Выбрать главу

 

Он о себе не помнит, он себя

перестает оглядывать снаружи

и опрокинув зрение живет.

   

       («Он о себе не помнит…»)

 

Здесь «я» удостаивается лишь метафоры «пустоты», дома, «в котором сохранились только стены». И эта апофатическая дефиниция если не устраняет вопрос об «эго», то переориентирует его на пространственно-временной поток, где «я» странствует, не в силах идентифицировать себя с чем-то определенным. Поэт готов запечатлеть скорее, как природа работает над его портретом, не стремясь к нарциссической лепке:

 

…Тихо зернится листва.

              Слепой пятерней

ветер ощупал лицо мое,

               запоминая.

 

     («Вальс поливальных машин…»)

 

Но там, где наконец выламывается из потока «третьеличных» наблюдений психологическое эго, ценностно все же берет верх — «ты». Примечательно, что в немногочисленных «психологических» стихах, пунктирно «прошивающих» сборник, появляется автобиографический маркер — посвящение Е. С.:

 

Не разделяй, не важно —

кто мы — друзья, родня.

Мне пережить тебя страшно.

Переживи меня.

 

Будущего не свяжем,

время затворено.

Переживи меня. Даже

если не суждено…

 

     («Не разделяй, не важно…»)

 

Межличностный диалог разворачивается у Нитченко по тем же органическим законам, что и диалог с неодушевленным — но упорно одушевляемым — миром. Не «я», а «ты», не «я», а «мы». Наблюдатель регулярно меняется местами с наблюдаемым объектом, забывая о самости как о чем-то таком, о чем не стоит труда беспокоиться: ведь самость ударит «в спину», как солнце, моделирующее тень фотографа в его же отпечатке («Из черно-белых и цветных…»). К концу сборника «Переводы на человеческий» отчетливо прочитывается: «я» поэта ускользает, «на улице Шлемиля, замерзая, / сходятся тени без хозяев».

Позиционирование литературно-цеховое тоже определяется ближе к завершению книжки. В «Интермедии» — попытка обозначить, кто задает тон в современном литпроцессе. Автор не переходит ни на личности, ни на узнаваемые сообщества внутри цеха, зато изящно распределяет роли в крикливом поединке регулярных метров и Свободы Верлибровны. Застольная ругня в трапезной Поэзии персонажей Анапеста, Ямба и Хорея не менее и не более комична, чем прозаичная скороговорка Свободы Верлибровны. Последняя, воплотившись в фактурно-натуралистичном столбике реалий и разговорных штампов, получает от «режиссера» досадливый тычок:

 

— Ах,

я так

облопалась

арбузом

что меня

неимоверно раздуло

Припоминаю один случай

в Киеве

в 1973 г (гэ)

Таксист мне и говорит

отгоняя мошку

и энергично куря сигару…

<…>

Cвобода Верлибровна…

Чево?

Заткнитесь.

 

А за окном плыл снежок,

и прогрохотала телега.

 

Не верлибр, по всей видимости, плох (автор с явным любованием вводит его в финале стихотворения), а пустота, подменяемая жвачкой бытовых стимулов-реакций.

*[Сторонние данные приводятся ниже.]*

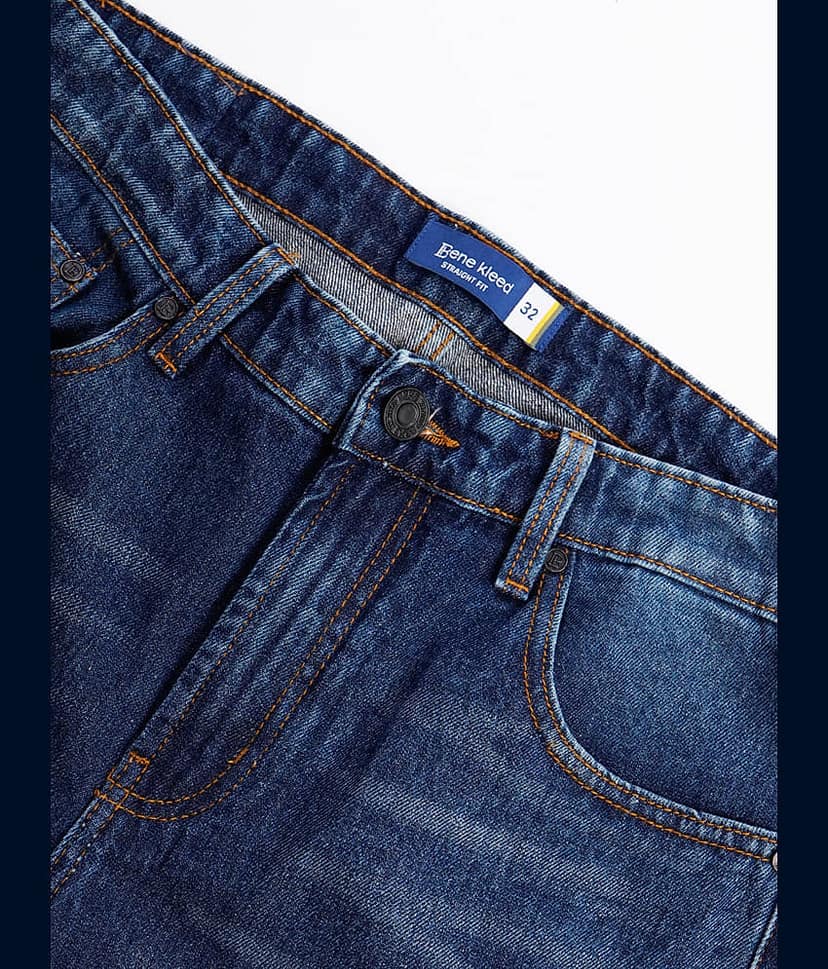 Bene Kleed Straight Washed Men's Jeans - Blue ( Pack of 1 ) view 6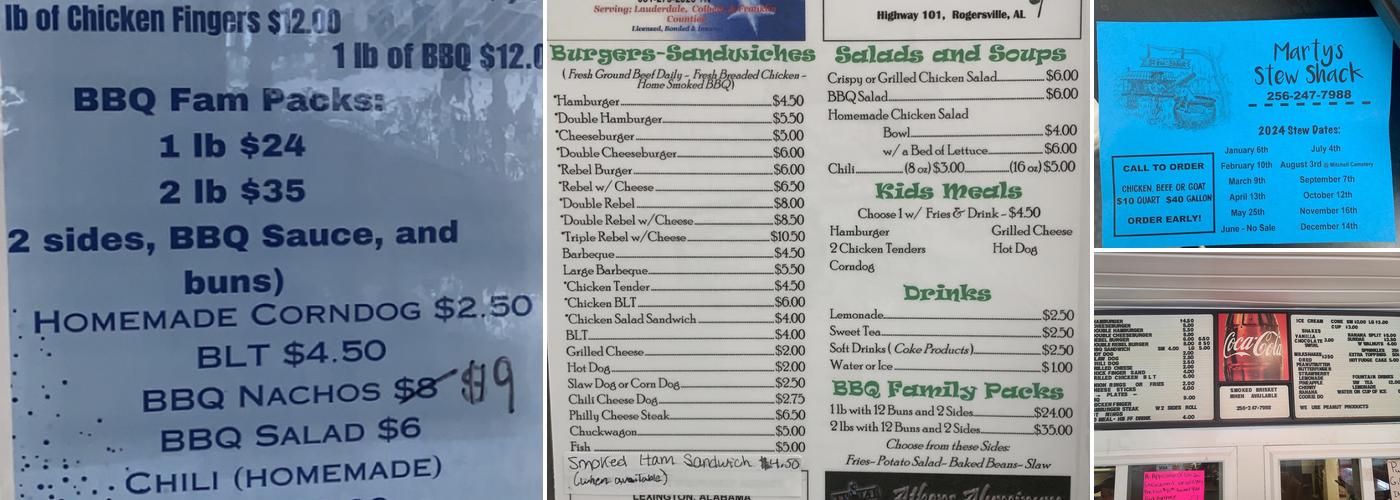 Marty's Stew Shack Menu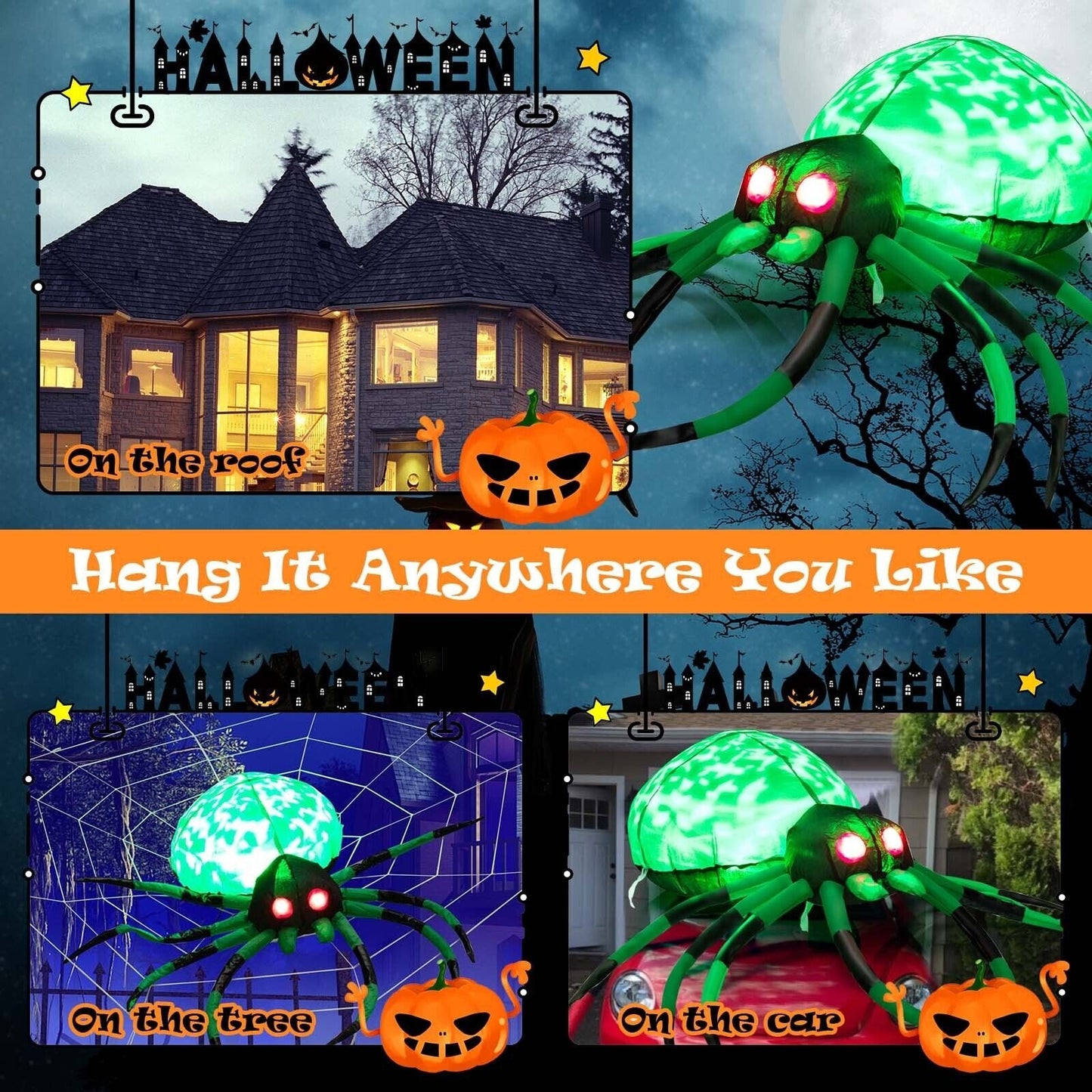 5 Feet Long Halloween Inflatable Creepy Spider with Cobweb and LEDs, Green Halloween   at Gallery Canada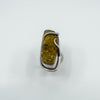 Chunky Modernist Heavy Baltic Amber Ring in Sterling Silver 925 Size L - M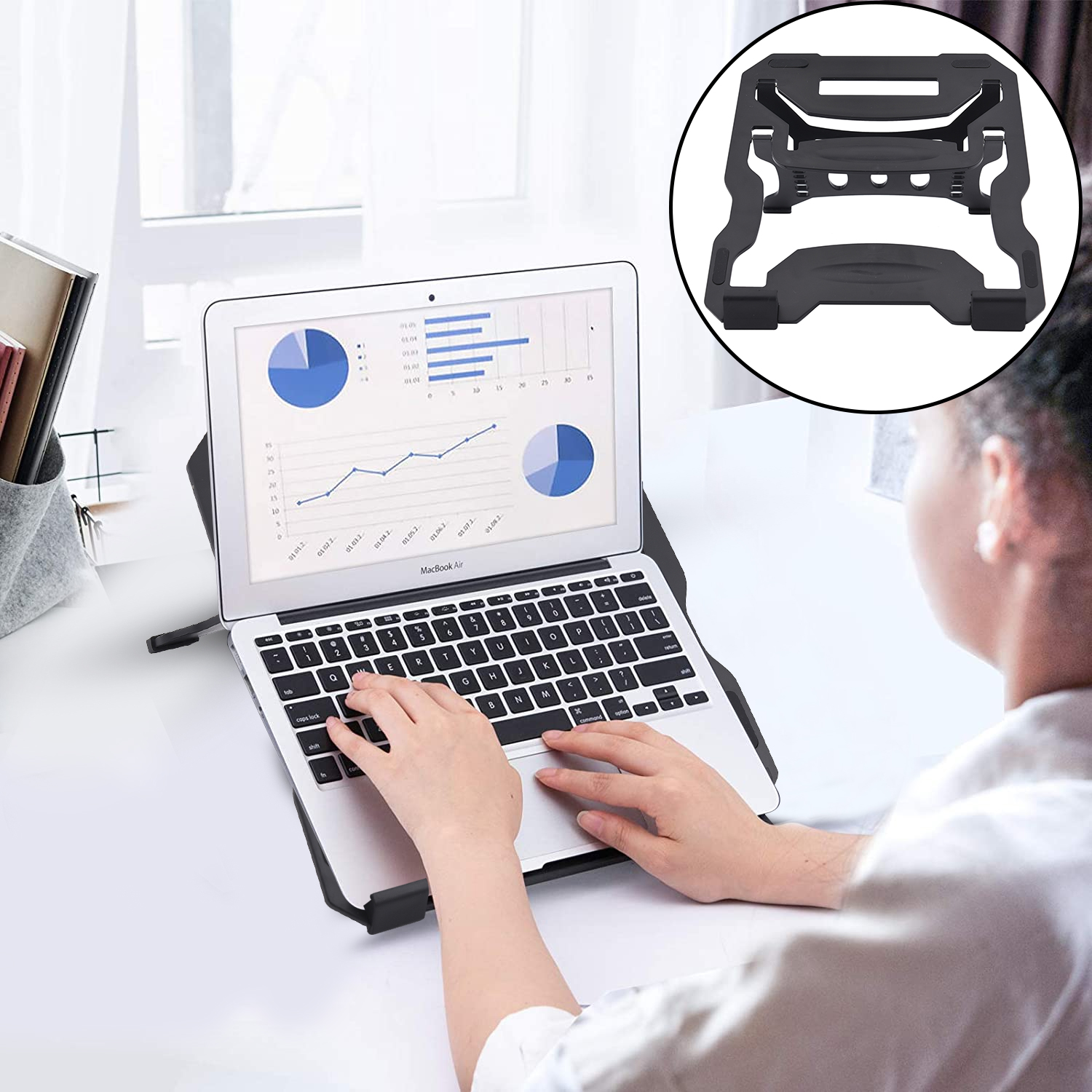 Black Adjusted Notebook Computer Folding Stand Base (6 Kinds of Heights Adjustment)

Поэзия Нитченко работает с привычным для модернистской поэтики выверением и одновременно оптическим смазыванием границ «я» и мира. И мир и герой лишены социальных и политических, исторических примет. Стихи о смятении человеческого духа перед собственным величием и ничтожеством, крупноплановая фиксация этих неприятных узнаваний — все это могло и появлялось с разной периодичностью у европейцев в эпоху Паскаля, сличавшего Вселенную и орбиты кровотоков клопа, у ирландцев и валлийцев прошлого века (Джойс, Томас, Беккет), у немцев и австрийцев (Бенн и Рильке), у нас — в неизмеримом количестве и разноголосом качестве. Онтологизм Нитченко озвучивает типологические переклички с сыплющими жуками садами Пастернака, зинзиверами Хлебникова, травами-кузнечиками Арсения Тарковского, айзенберговой тишиной, «пломбирующей рот». «Комариный звенит князь»: большое и малое мандельштамовой зоркой поэтики находит у Нитченко очевидное для читателя сродство. Что же до современников, «мирное» сосуществование которых иронично прописал автор («Как современники не нравятся друг другу…»), речь так или иначе упрется в наследование мощной тютчевской онтологической традиции и европейского модернизма.